Remembrance Day Update
11/11/2015 - 00:37

Here in Canada the airwaves are dedicated to November 11th, Remembrance Day.  Actually, a local merchant was soundly criticised for an advertisement that that included "Happy Remembrance Day", considered inappropriate for the occasion!

I'm reading the book, Code Name Caesar, which reveals the cooperation between Germany and Japan during WWII and covers in detail one particular mission to transport secret weapons technology and scientists by submarine to Japan in the later stages of the war, a scheme that was defeated through Enigma intercepts.  What brought this old post to mind were comments by the authors, Jerome Preisler and Kenneth Sewell, relating to the Y-stations like CSO Saltcoats:

...by 1941 Bletchley's code breakers were deciphering nearly all encrypted German army, naval, and diplomatic communications with ease.  The transmissions were snatched out of the air by signals intelligence posts, or Y (for cryptology) stations, at remote sites across the British coast and countryside, then relayed to Bletchley via motorcycle courier, landline, and teletype, and decoded on the eight-foot-high iron 'bombes' (TT; their name for the code-breaking machines, from the Polish prototype called 'bomba').  Generally working in small huts bristling with radio aerials, Y-station operators - or wireless monitors, as they were called - ranged from MI6 agents to army, navy, and RAF personnel, to WRENS and women's Auxiliary Territorial Service conscripts, to volunteer ham radio buffs.

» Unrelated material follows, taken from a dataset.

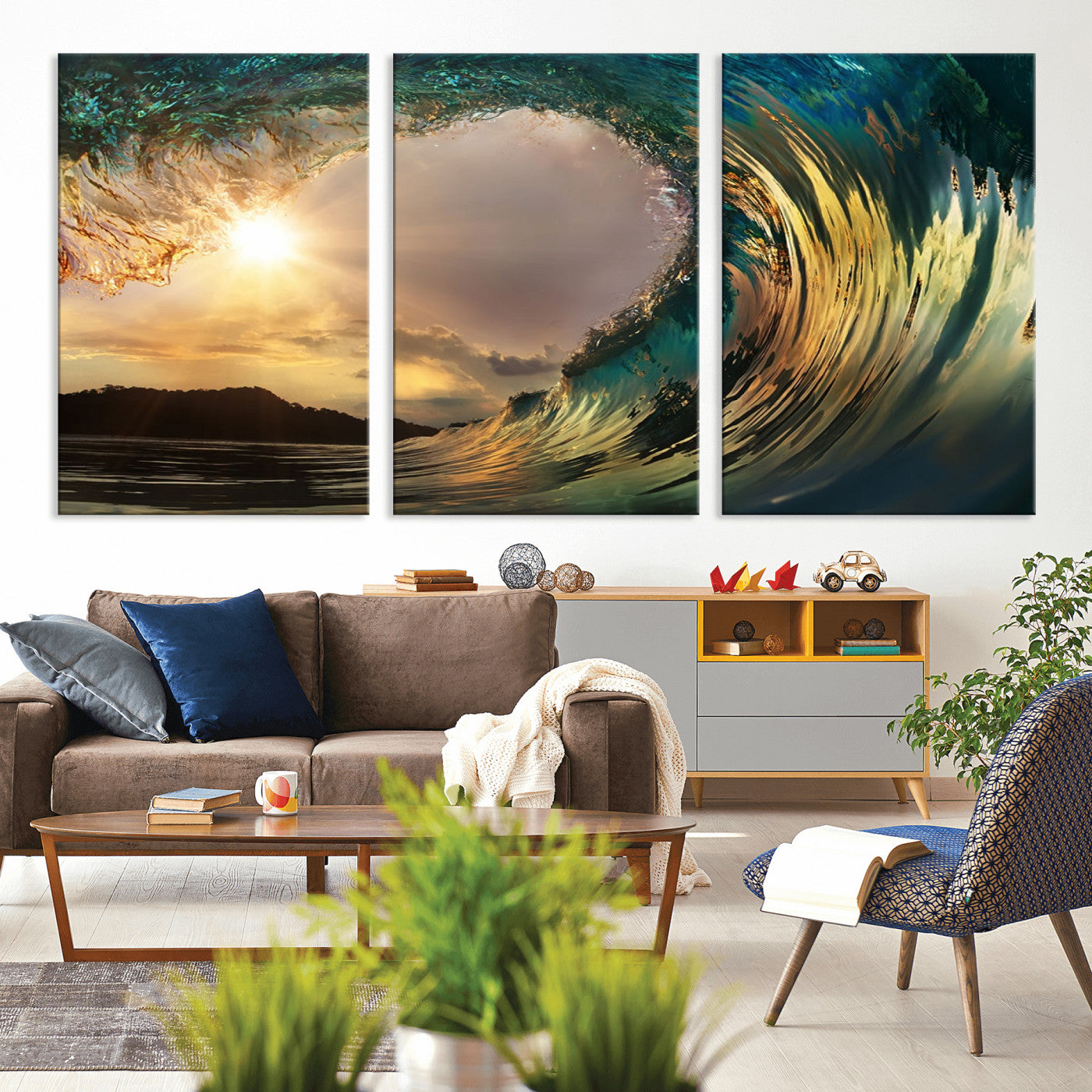 MGV-CV-60X30-3P - Golden Wave Sunset Giclee Canvas Print – Large Coastal Wall Art for Nature Lovers, Captivating Ocean Wave Decor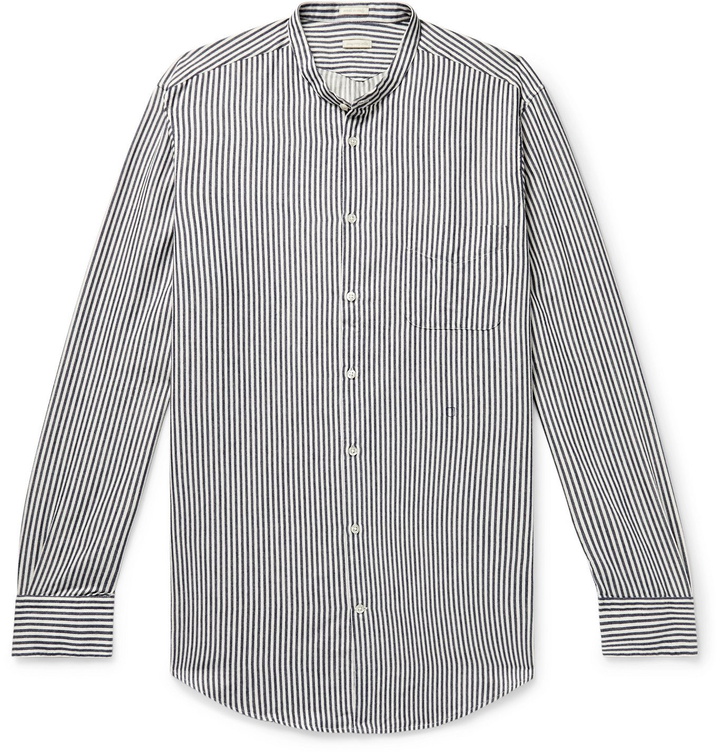 Photo: Massimo Alba - Grandad-Collar Striped Cotton Shirt - Blue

Working on a need-to-know basis and sworn to secrecy, the men and women at the listening stations diligently went about their business, spending long, exhausting shifts at their radio equipment, living close by in spartan bungalows.  They were never told the destination of the messages or informed of their importance.  They referred to the recipient of their intercepts only as Station X, the British code name for Bletchley Park, and had no information about what was being done there.  But ULTRA would have starved and withered without their steady flow of intercepted communications.

Amazing to think that a V&C pocket chronometer was part of that essential mission!